If you're new to canning, check out my Practical Home Canning Tips, a sort of "what I wish I'd known beforehand" list I wrote four years ago during the Summer of Obsessive Canning.
And here's a quiz. Besides the lineup of pickles and preserves and jams and jellies, what's the most satisfying moment of home canning? It’s the "POP" that happens when the jars seal. There goes one now!
RIPE-TOMATO RELISH with PEACHES & PEARS
(in my family, we call it just "SHARON's PICKLE”)
Makes about 10 pints
6 large peaches
30 medium-size ripe tomatoes (about 14 pounds)
6 medium yellow onions
3 green peppers
2 jalapeño peppers (my addition)
6 pears, peeled and diced
4 cups sugar
1 - 2 cups (or more) white or cider vinegar or a mixture
2 tablespoons table salt
2 tablespoons pickling spices
BLANCH THE PEACHES AND TOMATOES Fill a large pot with water and bring to a boil for blanching the peaches and tomatoes. (To “blanch” is to cook quickly, just enough to soften the skins so that they’ll release easily from the fruit.) Wash the peaches and tomatoes well, I usually wash them first, then let soak in cool water to remove any further dirt.
For the peaches, drop the peaches into the water three or four at a time. Blanch for 1 minute until the skin splits, transfer to a colander to drain, then onto a baking sheet to cool. Let the water return to a boil before adding more.
For the tomatoes, cut an X in the skin of the blossom end of each tomato, then four or five at a time, drop into the boiling water. Cover and blanch for 1 - 2 minutes til skin splits, transfer to a colander to drain, then onto a baking sheet to cool.
When cool enough to handle, peel and then chop the peaches and tomatoes, discarding the peels and adding the pieces, juice and seeds and all, to a very large bowl.
PICKLING SPICES Wrap the pickling spices in two or three squares of cheesecloth or staple the spices in folded-over coffee filters, you’ll need as many as you have cooking pots.
COOK DOWN-DOWN-DOWN Fill two or three large, heavy pots about 2/3 full. Leave the covers off, bring the pots to a boil and let simmer until the liquid cooks off. Especially at the beginning and near the end, stir ever 15 minutes to monitor the temperature. My notes from other years say this takes 2 - 5 hours. My last couple of batches had so much liquid, it took nearly 9 hours to cook. Three pots make a difference, it’s easier for low heat to reach into the deep mixture. At some point, you will want to combine the pots, however, so that there is just “one” flavor mixture.

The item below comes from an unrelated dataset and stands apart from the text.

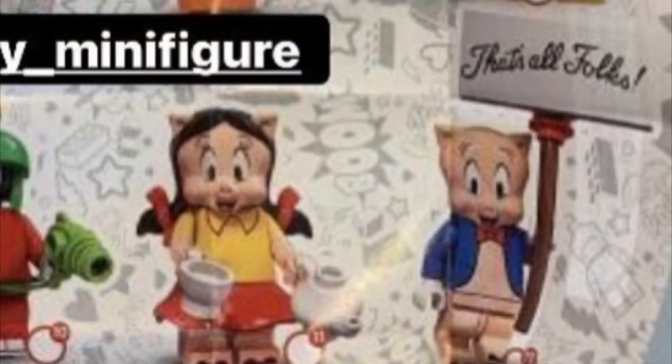Here we have Tweety Bird and Sylvester the Cat. Tweety has a hammer for his accessory, and Sylvester has a bat. I think that these are both very nice minifigures. I think that Sylvester, along with Daffy Duck, are probably the best-looking and most accurate. Tweety looks like he has short legs, and obviously they both have a new head mold.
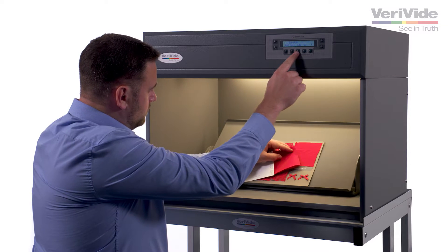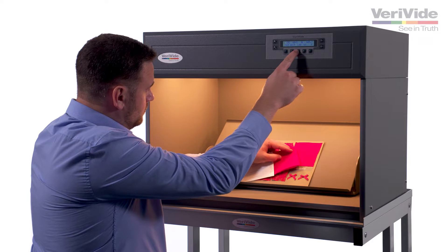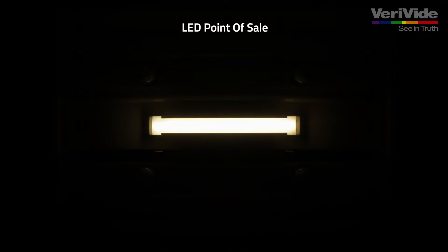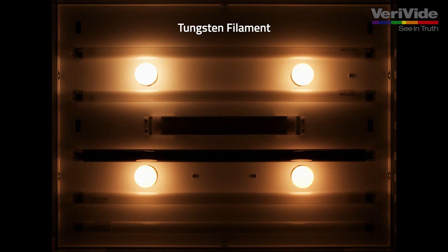Replacing lamps is a necessary part of maintaining performance of your Verivide light cabinet. Lamps must be changed annually or after 2,000 hours of use. Lamps are available to purchase from Verivide or our official distributors. Only Verivide and our official distributors can provide the correct replacement lamps that ensure standardised viewing conditions.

TASTE FOR VINEGAR A couple of hours in, taste the mixture. It needs to have a strong vinegar component, if it doesn't, add vinegar. Keep tasting throughout the cooking process as it cooks down, add vinegar along the way as needed. (My mom and I made a very unsuccessful batch one year, we realized too late it was because we didn't use enough vinegar.)

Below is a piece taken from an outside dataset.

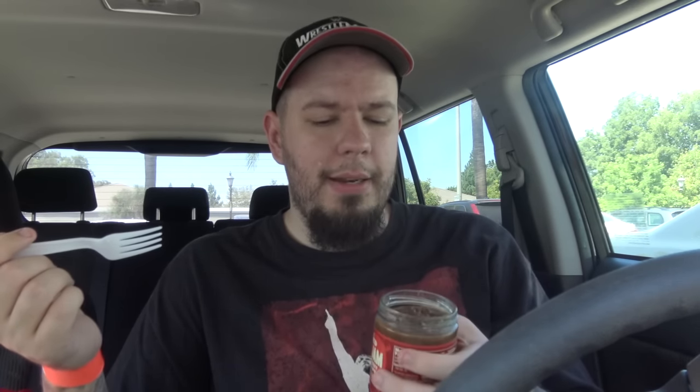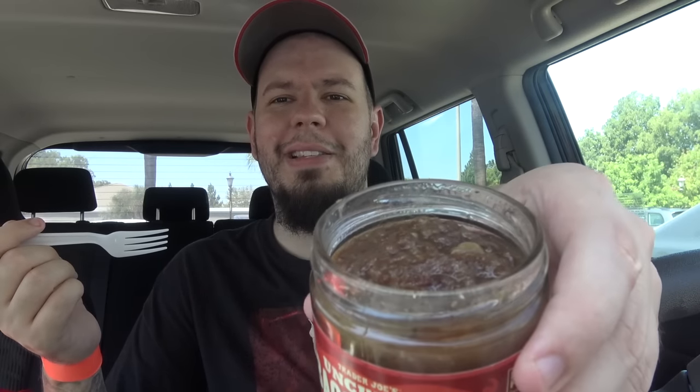I'm aware this is supposed to be a spread, but I've just tried it in the car — the complete opposite way you're supposed to try this thing, and that's what I'm doing. It does smell like 90% bacon and 10% jam. It's kind of gross looking. Let's give you a little bit here.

FILL & PROCESS THE JARS IN A HOT WATER BATH Fill sterilized hot canning jars with the hot mixture and top with sterilized hot lids and rims. Immediately drop into boiling water and process for 10 minutes. Need more information on how to do this? Practical Home Canning Tips may help!
HOW LONG DOES IT KEEP? Use Ripe-Tomato Relish within a year or two.

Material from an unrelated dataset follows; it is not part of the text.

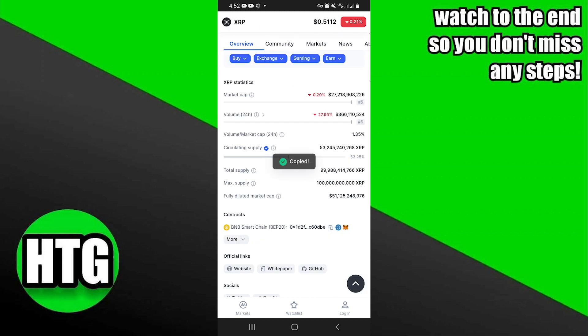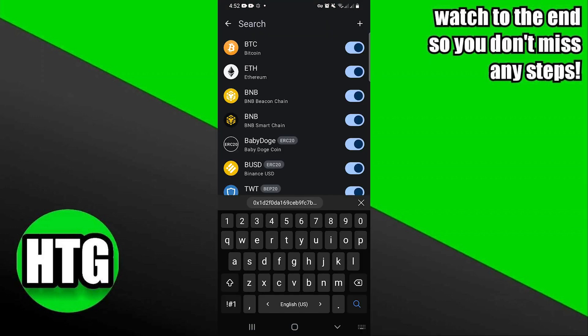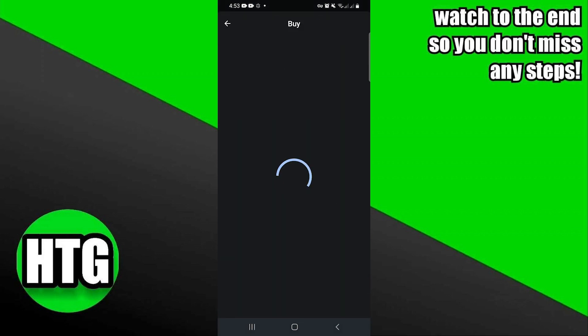After that, simply open your Trust Wallet. Once you're here, paste the copied link in the search bar. You'll have different options from the results. Tap on the XRP and you can now buy it from here. Just choose the best deal for you.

ALANNA's TIPS & KITCHEN NOTES
TOMATOES It’s important that the tomatoes be really ripe. This means that the tomatoes might be a little bruised. Once the skins come off, they may be fine but be sure to cut off any actual bruised part.
PEARS Because pears aren't in season at the same time as peaches and tomatoes, I use three 15-ounces cans of pears in light syrup, including the syrup, the fruit diced small.
POT SIZES This recipe makes a lot! That means big pots are needed. I collect the chopped peaches, tomatoes and vegetables in a my mother's old bread bowl which holds 5 quarts and even it's not enough. For cooking, I use either a very large stockpot and two Dutch ovens or more recently, the very large stockpot and a large LeCreuset Dutch oven.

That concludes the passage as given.